Top of Material to process
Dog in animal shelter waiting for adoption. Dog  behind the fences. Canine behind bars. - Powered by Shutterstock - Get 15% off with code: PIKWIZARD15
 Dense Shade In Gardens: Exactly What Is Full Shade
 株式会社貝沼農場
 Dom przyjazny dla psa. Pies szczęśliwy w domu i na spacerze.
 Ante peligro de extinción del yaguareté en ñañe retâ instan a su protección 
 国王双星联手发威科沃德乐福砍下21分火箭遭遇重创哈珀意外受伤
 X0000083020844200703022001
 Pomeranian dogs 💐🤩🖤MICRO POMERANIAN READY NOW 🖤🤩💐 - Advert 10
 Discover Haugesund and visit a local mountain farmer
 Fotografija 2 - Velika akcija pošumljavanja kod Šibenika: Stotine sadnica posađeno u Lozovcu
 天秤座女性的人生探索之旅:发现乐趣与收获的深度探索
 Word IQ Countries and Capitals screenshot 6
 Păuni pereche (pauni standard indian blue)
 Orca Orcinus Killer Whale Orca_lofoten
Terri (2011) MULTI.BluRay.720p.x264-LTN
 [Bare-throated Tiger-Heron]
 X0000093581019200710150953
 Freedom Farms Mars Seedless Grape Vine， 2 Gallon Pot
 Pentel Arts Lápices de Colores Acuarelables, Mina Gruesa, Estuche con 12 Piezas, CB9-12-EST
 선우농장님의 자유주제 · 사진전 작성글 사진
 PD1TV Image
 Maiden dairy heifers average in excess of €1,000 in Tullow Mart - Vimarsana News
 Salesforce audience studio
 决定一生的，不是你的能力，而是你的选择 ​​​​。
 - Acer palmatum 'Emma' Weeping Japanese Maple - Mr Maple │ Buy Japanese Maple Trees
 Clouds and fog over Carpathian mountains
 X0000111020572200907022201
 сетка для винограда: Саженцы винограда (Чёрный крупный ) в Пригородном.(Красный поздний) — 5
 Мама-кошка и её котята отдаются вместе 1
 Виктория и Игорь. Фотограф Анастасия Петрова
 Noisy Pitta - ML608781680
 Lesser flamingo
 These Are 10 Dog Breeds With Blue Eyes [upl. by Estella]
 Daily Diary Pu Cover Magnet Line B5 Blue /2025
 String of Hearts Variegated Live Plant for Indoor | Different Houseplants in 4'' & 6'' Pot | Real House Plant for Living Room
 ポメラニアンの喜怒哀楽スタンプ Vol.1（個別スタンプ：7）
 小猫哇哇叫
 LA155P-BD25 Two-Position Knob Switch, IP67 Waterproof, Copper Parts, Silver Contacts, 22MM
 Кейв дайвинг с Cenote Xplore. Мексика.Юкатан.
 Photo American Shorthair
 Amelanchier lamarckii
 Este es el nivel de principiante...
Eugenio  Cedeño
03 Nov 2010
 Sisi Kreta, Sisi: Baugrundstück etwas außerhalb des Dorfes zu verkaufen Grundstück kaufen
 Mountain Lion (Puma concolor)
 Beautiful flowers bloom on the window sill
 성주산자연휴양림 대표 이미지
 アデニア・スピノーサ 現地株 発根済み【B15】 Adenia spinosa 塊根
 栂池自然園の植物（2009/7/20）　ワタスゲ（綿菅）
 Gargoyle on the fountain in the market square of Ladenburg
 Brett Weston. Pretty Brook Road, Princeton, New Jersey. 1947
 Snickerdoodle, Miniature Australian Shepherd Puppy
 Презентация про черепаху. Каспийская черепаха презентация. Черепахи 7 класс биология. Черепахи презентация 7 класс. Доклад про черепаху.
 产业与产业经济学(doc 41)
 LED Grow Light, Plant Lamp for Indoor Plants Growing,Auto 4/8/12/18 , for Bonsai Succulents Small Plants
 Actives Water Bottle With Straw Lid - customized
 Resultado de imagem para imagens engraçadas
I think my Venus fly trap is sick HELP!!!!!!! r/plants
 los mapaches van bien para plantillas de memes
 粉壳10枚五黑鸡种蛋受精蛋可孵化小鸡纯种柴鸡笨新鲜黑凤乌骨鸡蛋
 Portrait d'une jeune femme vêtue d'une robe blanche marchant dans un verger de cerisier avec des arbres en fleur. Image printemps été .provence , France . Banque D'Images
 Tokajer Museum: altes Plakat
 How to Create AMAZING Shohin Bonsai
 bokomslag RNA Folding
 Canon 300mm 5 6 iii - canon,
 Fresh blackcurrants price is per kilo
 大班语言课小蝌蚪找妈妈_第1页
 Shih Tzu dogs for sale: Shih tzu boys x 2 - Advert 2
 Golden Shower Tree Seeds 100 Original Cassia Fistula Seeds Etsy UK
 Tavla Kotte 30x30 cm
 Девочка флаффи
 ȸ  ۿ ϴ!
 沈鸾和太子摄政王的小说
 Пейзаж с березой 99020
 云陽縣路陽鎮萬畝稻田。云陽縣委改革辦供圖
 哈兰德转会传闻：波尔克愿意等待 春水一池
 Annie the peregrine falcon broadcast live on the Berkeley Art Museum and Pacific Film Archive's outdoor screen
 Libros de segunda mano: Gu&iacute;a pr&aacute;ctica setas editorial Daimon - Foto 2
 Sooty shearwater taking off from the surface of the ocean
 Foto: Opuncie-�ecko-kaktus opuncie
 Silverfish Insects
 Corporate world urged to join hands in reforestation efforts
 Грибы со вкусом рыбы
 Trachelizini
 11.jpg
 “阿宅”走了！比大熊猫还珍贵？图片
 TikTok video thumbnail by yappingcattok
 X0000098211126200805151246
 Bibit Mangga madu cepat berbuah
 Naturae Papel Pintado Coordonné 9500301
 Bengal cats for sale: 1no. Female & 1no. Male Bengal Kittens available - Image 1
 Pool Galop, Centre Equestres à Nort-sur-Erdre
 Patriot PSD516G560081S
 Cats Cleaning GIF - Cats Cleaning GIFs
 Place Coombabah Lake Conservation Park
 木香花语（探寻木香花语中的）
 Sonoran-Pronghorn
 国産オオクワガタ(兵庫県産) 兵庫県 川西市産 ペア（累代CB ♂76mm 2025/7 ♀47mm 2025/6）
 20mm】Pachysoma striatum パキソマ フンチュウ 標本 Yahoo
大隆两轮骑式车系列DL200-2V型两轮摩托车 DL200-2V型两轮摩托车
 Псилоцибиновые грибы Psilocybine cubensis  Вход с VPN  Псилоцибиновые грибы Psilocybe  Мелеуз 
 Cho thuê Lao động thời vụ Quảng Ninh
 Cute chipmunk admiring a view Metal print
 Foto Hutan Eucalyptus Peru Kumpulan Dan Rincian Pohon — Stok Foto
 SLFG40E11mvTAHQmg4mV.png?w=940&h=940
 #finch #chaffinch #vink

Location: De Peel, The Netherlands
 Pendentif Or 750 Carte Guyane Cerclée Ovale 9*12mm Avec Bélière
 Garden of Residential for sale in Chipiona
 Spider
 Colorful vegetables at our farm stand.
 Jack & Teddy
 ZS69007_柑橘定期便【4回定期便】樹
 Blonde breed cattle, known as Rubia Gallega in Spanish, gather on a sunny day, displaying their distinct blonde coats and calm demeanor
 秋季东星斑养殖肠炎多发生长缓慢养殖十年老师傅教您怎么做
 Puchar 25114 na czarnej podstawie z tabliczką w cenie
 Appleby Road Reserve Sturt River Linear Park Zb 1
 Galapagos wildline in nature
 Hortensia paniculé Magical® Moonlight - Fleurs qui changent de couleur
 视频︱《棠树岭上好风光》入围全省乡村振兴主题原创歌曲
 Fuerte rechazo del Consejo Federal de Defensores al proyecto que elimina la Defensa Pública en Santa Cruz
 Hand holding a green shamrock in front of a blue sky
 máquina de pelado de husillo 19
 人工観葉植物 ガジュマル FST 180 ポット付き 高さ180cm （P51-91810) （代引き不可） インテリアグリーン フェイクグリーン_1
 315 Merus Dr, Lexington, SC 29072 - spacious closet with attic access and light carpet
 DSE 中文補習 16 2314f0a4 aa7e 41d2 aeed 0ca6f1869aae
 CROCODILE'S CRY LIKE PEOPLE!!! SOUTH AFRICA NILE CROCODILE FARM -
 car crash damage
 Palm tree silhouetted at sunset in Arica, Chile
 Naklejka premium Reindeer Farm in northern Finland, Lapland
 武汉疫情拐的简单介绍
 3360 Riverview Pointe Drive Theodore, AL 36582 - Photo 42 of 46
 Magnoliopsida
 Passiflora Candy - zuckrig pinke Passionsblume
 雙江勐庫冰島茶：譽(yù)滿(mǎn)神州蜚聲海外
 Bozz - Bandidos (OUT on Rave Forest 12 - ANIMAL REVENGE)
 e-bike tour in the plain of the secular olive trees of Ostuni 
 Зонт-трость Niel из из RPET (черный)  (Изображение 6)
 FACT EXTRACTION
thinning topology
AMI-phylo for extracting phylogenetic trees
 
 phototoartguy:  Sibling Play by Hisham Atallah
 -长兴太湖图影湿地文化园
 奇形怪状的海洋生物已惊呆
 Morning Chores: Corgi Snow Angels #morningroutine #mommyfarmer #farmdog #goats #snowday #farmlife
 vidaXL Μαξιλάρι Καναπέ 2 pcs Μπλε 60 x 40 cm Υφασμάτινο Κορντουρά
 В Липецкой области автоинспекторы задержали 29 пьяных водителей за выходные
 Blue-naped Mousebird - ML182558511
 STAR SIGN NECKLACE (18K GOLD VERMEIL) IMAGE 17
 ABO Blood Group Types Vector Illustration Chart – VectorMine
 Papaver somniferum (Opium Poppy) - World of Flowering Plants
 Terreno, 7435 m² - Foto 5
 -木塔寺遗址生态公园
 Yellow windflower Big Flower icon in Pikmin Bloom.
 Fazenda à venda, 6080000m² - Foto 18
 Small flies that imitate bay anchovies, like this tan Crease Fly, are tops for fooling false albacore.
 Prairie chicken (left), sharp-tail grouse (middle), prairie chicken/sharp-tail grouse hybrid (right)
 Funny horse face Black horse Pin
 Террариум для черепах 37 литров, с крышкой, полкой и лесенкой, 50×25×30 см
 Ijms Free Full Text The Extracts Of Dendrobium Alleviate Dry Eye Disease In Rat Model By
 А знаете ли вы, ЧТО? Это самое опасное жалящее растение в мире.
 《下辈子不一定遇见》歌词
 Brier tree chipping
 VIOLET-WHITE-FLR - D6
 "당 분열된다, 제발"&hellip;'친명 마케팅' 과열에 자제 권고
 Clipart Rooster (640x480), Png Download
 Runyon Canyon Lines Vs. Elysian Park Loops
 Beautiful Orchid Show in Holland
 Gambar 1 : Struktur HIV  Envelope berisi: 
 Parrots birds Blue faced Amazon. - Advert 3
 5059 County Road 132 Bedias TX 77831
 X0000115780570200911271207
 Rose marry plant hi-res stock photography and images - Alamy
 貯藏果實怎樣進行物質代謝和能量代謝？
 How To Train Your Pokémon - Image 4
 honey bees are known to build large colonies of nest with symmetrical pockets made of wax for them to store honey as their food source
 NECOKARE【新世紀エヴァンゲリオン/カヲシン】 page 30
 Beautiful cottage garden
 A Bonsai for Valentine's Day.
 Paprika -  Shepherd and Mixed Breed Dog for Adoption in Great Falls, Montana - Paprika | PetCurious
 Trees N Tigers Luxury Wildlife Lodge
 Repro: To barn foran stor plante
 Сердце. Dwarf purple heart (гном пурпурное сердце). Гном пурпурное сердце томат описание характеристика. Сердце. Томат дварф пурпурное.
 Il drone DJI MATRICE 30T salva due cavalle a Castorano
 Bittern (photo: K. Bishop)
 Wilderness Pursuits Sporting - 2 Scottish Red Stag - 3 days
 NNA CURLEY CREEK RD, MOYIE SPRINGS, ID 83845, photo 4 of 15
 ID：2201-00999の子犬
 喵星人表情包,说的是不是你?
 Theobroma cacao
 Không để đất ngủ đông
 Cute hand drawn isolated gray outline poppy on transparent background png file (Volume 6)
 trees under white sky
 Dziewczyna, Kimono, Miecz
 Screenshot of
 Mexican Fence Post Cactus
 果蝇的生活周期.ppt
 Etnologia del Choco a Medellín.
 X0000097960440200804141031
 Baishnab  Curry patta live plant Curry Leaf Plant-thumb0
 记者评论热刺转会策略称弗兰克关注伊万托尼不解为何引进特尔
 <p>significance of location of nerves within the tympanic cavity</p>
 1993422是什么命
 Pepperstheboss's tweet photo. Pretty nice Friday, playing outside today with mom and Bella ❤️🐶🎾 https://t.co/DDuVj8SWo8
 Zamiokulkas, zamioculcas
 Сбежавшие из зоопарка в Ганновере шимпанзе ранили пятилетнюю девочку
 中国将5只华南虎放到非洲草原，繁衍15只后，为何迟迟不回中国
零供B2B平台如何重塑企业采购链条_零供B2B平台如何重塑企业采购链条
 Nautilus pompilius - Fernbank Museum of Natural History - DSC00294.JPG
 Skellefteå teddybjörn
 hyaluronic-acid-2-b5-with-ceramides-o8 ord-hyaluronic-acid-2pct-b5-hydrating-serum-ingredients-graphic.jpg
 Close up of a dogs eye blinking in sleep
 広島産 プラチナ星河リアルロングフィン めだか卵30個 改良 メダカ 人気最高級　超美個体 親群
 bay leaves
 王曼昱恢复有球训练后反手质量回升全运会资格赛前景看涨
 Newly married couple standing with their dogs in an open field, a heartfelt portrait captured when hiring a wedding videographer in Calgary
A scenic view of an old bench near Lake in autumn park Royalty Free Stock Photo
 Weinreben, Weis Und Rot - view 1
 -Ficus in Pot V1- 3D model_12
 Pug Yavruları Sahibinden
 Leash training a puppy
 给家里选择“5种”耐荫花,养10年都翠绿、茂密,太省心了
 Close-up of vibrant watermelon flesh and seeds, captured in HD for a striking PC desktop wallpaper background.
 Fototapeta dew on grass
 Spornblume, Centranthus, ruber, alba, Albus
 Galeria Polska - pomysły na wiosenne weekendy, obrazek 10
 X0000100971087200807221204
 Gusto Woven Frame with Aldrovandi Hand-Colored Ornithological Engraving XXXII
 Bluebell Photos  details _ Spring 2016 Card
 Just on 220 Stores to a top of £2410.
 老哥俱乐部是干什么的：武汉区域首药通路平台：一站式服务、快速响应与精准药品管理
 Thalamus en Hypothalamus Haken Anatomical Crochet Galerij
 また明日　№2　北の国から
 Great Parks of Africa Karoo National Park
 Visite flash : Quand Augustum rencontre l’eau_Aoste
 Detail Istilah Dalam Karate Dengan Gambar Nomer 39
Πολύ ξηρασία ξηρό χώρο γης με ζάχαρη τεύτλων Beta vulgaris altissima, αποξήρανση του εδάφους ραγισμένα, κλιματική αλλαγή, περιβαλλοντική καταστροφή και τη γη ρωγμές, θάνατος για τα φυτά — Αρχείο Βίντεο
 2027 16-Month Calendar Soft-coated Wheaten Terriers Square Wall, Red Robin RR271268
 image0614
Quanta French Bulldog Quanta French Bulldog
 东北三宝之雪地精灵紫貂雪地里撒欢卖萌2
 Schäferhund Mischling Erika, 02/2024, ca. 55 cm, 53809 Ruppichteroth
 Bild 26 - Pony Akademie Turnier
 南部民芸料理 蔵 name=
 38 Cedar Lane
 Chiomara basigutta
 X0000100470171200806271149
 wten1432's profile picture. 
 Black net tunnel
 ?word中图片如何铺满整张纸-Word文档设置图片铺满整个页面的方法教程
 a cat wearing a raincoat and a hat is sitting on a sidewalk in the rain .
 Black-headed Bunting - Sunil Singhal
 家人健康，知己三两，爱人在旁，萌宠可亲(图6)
Bottom of Material to process
About this task:
Lines of the material may hold the string "Beautiful". Copy each one that does.

Written response:
 Beautiful flowers bloom on the window sill
 Beautiful Orchid Show in Holland
 Beautiful cottage garden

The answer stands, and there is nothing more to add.